■ Listed entries ■
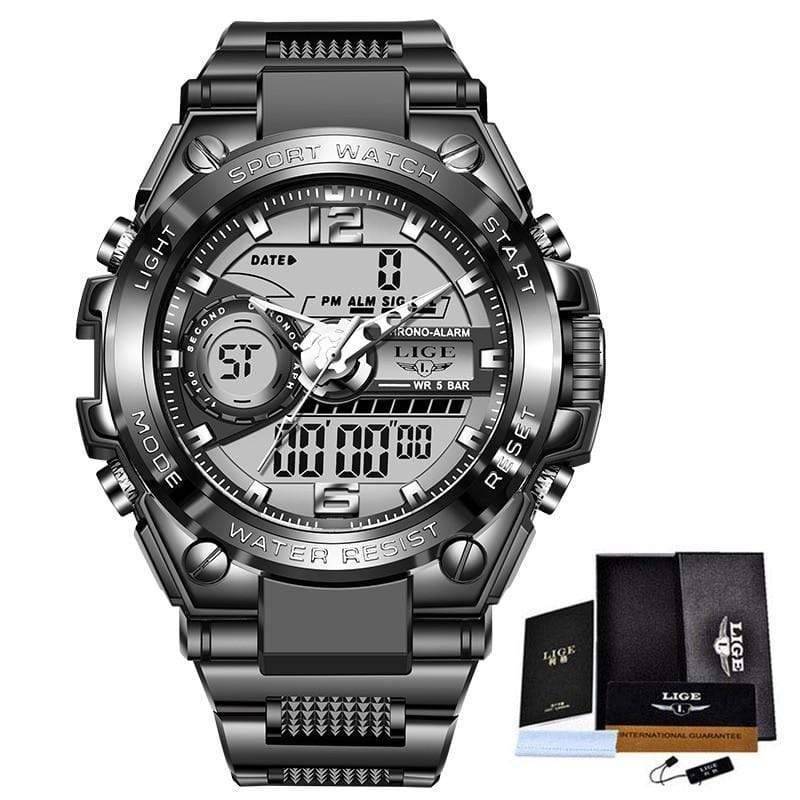 Reloj deportivo analógico y digital LED resistente al agua para hombre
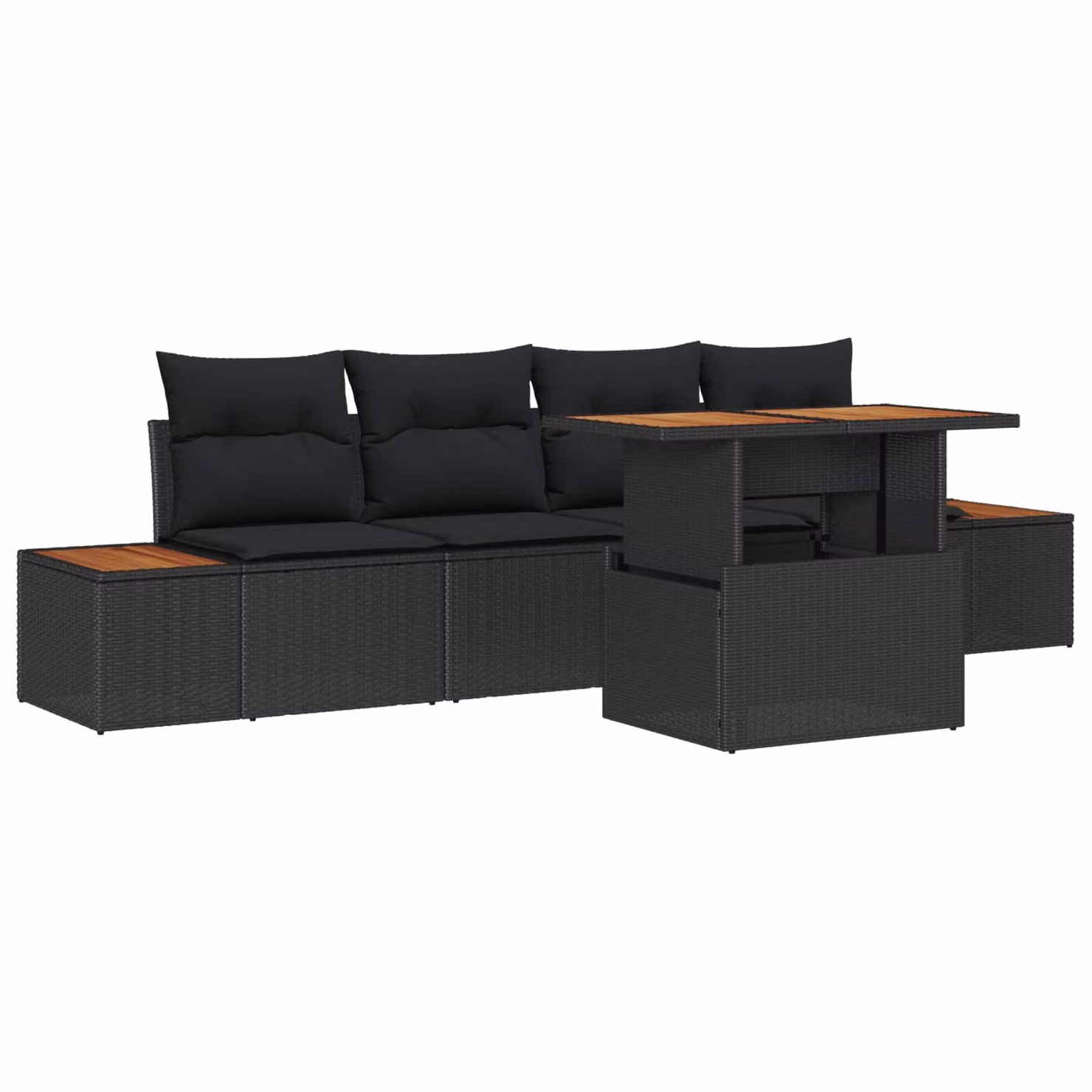 Set da pranzo da giardino moderno vidaXL in rattan e legno di acacia, nero e marrone – 1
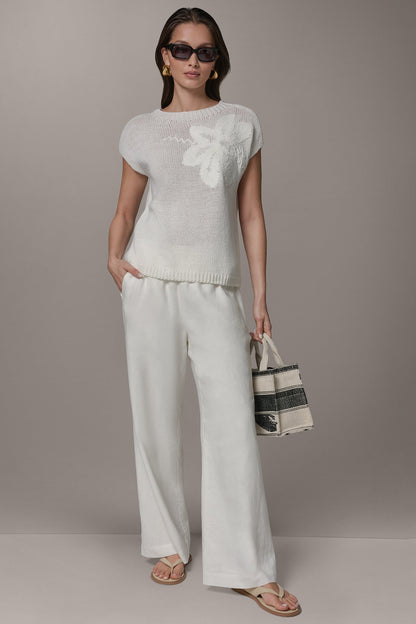 Donna Karan SLEEVELESS FLORAL SWEATER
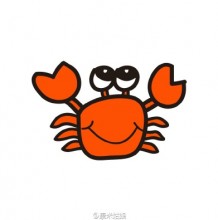 简单的螃蟹简笔画画法 螃蟹怎么画 螃蟹卡通画手绘教程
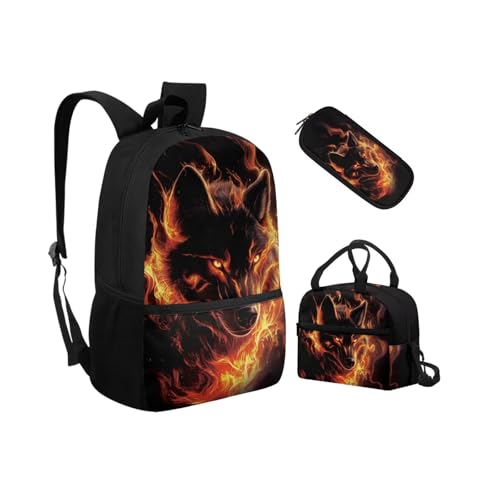 Biyejit Schulranzen-Set 3-in-1 Kinder Rucksack Lunchtasche und Federmäppchen Leichte Büchertaschen 17 Zoll, Wolf Fire, Einheitsgröße, Schulranzen-Set von Biyejit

■ Work instructions ■
In the records above, find the line containing "Set da pranzo" and restate it and every line after it word for word, all pictures excluded.

■ Response ■
 Set da pranzo da giardino moderno vidaXL in rattan e legno di acacia, nero e marrone – 1
 Donna Karan SLEEVELESS FLORAL SWEATER
 简单的螃蟹简笔画画法 螃蟹怎么画 螃蟹卡通画手绘教程
 Biyejit Schulranzen-Set 3-in-1 Kinder Rucksack Lunchtasche und Federmäppchen Leichte Büchertaschen 17 Zoll, Wolf Fire, Einheitsgröße, Schulranzen-Set von Biyejit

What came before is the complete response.